When simplifying expressions, applying the correct "order of operations" is crucial. This rule guides you in solving expressions by specifying the sequence in which operations should be performed. The well-known acronym PEMDAS helps to remember the order:

• Parentheses
• Exponents
• Multiplication and Division (from left to right)
• Addition and Subtraction (from left to right)

By following PEMDAS, you ensure that each part of the mathematical expression is accurately evaluated. For example, if you encounter parentheses in an expression, the operations inside them should be solved first. Then you address exponents, followed by multiplication and division as they appear from left to right, and finally perform addition and subtraction in sequence. Ignoring this order can lead to incorrect results, showcasing why mastering this sequence is vital in algebra.
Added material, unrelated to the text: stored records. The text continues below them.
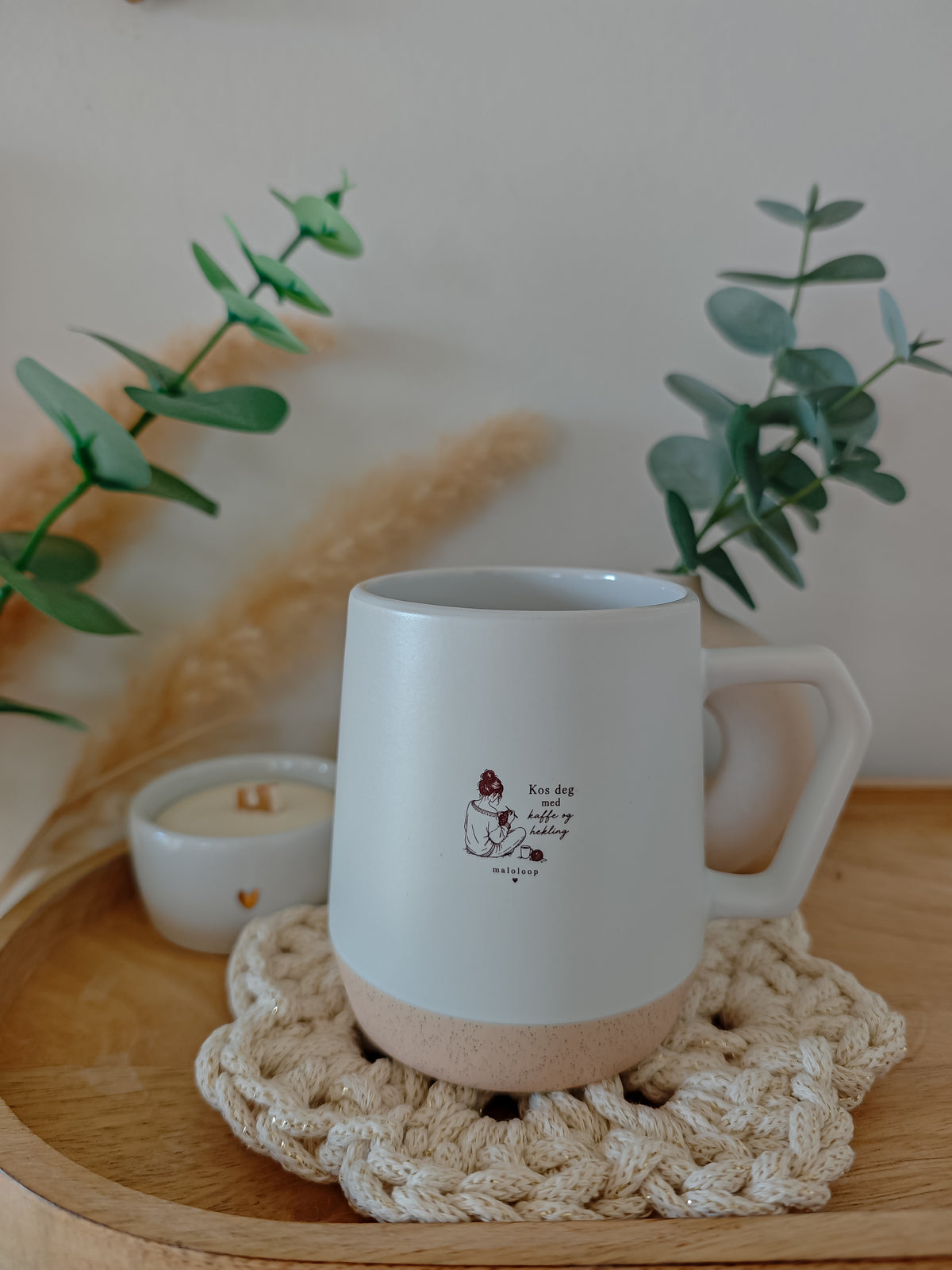 Keramisk kopp med gravering - Kos deg med kaffe og hekling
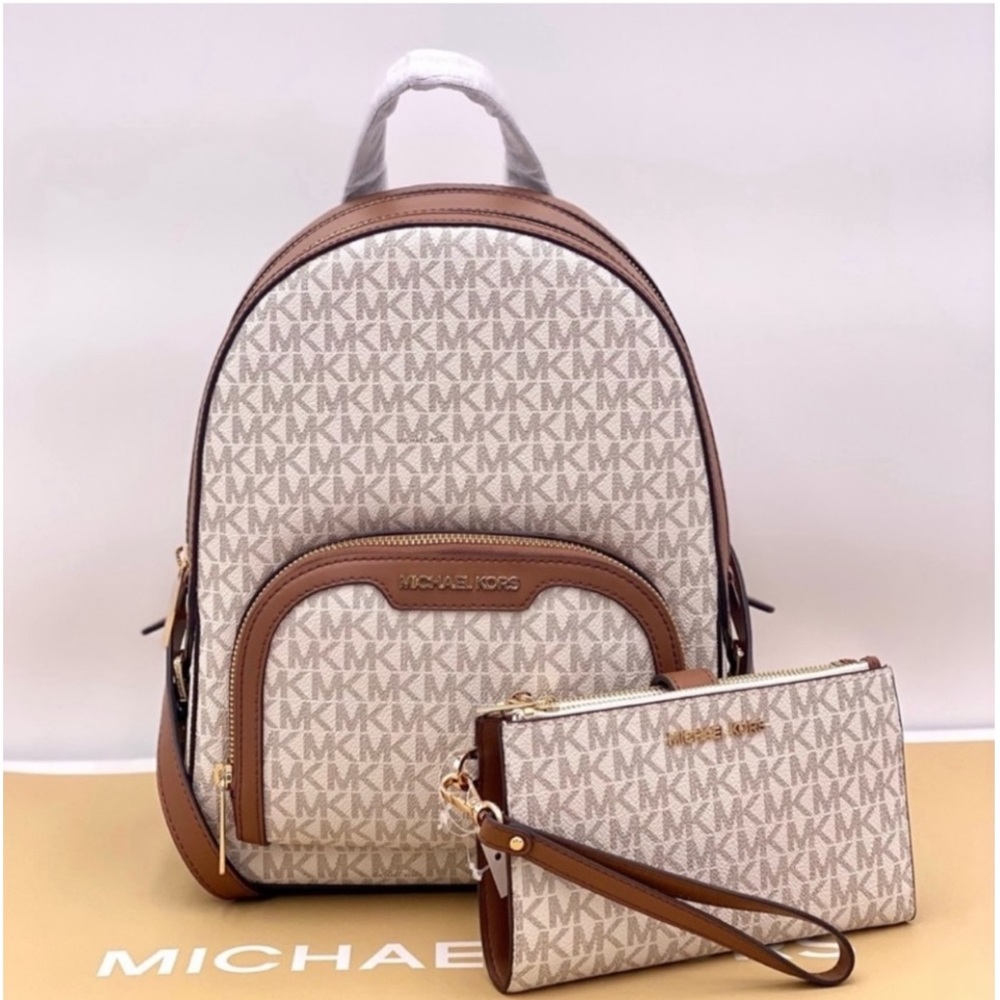 SALE🔥🔥🔥MICHAEL KORS JAYCEE MEDIUM BACKPACK and Wallet Set
VANILLA - Picture 11 of 14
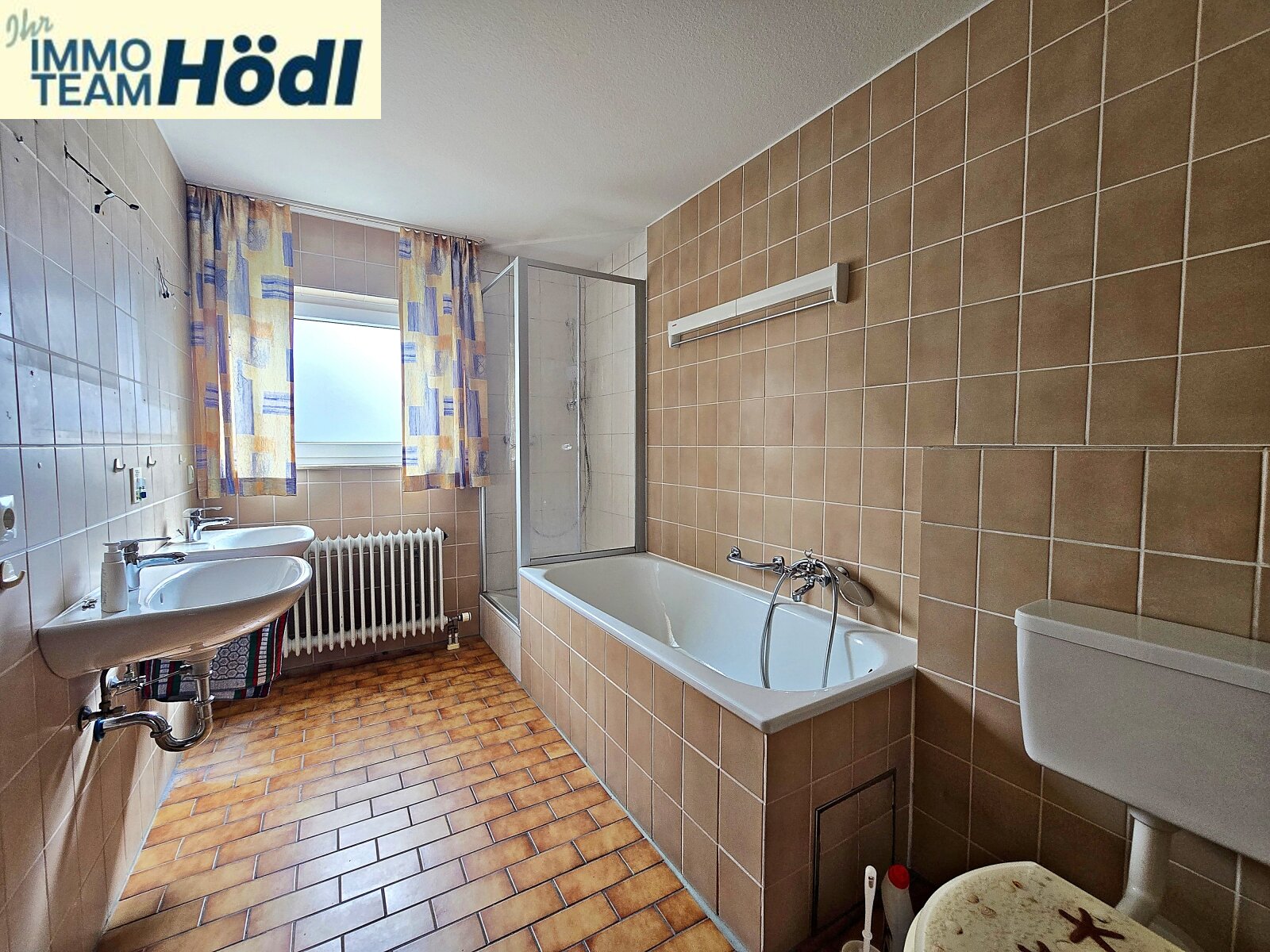 Großes Reihenhaus mit Garage und AAP im Freien sucht neuen Eigentümer !!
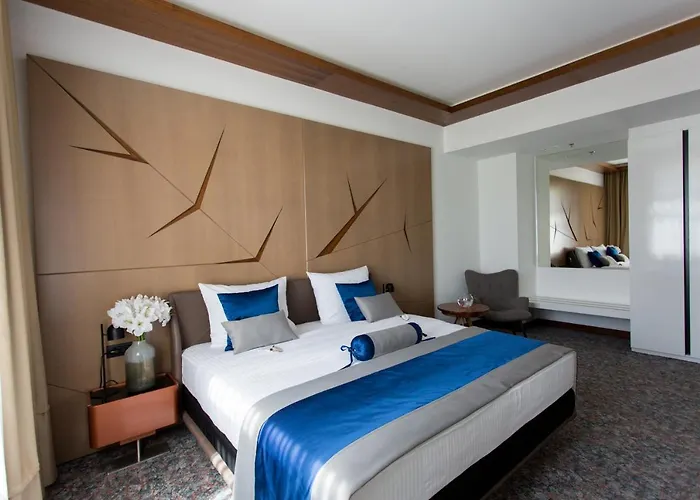 Austria & Bosna Hotel 5*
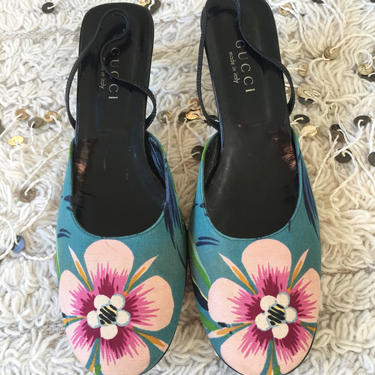 Vintage 90 s GUCCI FLORA Floral Flower Canvas Leather Mules Sandals Moonstone Vintage Los Angeles CA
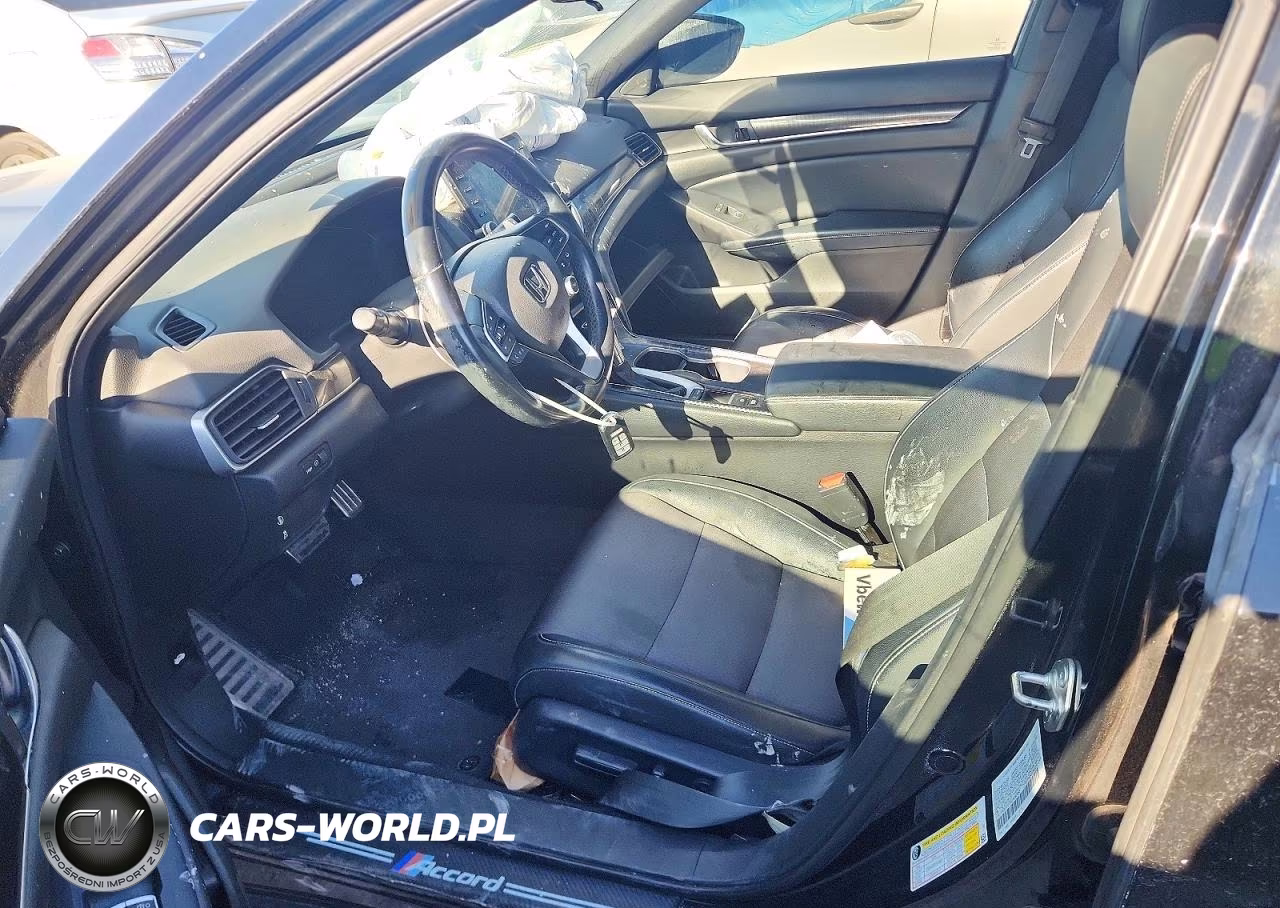 2018 Honda Accord Sport VIN:1HGCV1F30JA040985 - 7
Parentheses serve an important purpose in mathematical expressions. They dictate which operations need to be performed first, acting as guides to prioritize calculations within them. When dealing with expressions that contain parentheses, simplifying what's inside should be your first priority.

In the given exercise, \[64 \div (8 + 4 \cdot 2)\]start by looking inside the parentheses: \[(8 + 4 \cdot 2)\]According to the order of operations, the multiplication should be performed before the addition. Begin by calculating \[4 \cdot 2 = 8\]Next, add 8 to 8:\[8 + 8 = 16\]This simplification leaves you with:\[64 \div 16\]By applying this method consistently, you ensure accurate and reliable results, making complex expressions easier to manage.

Division in algebra involves breaking down numbers or simplifying expressions even further. In the context of the example, once the expression inside the parentheses was simplified to a single number, the next step was to divide.

Division is performed as indicated in the expression, in this case:\[64 \div 16\]Dividing 64 by 16 involves determining how many times 16 can fit into 64. The result is 4, as \[64 \div 16 = 4\]When dividing in algebra, always ensure that your division is done after any necessary simplifications have been made. This step is foundational in keeping equations balanced and correctly solved. It’s also helpful to think of division as the inverse of multiplication, which can aid in checking your work and understanding the relationships between operations in algebra.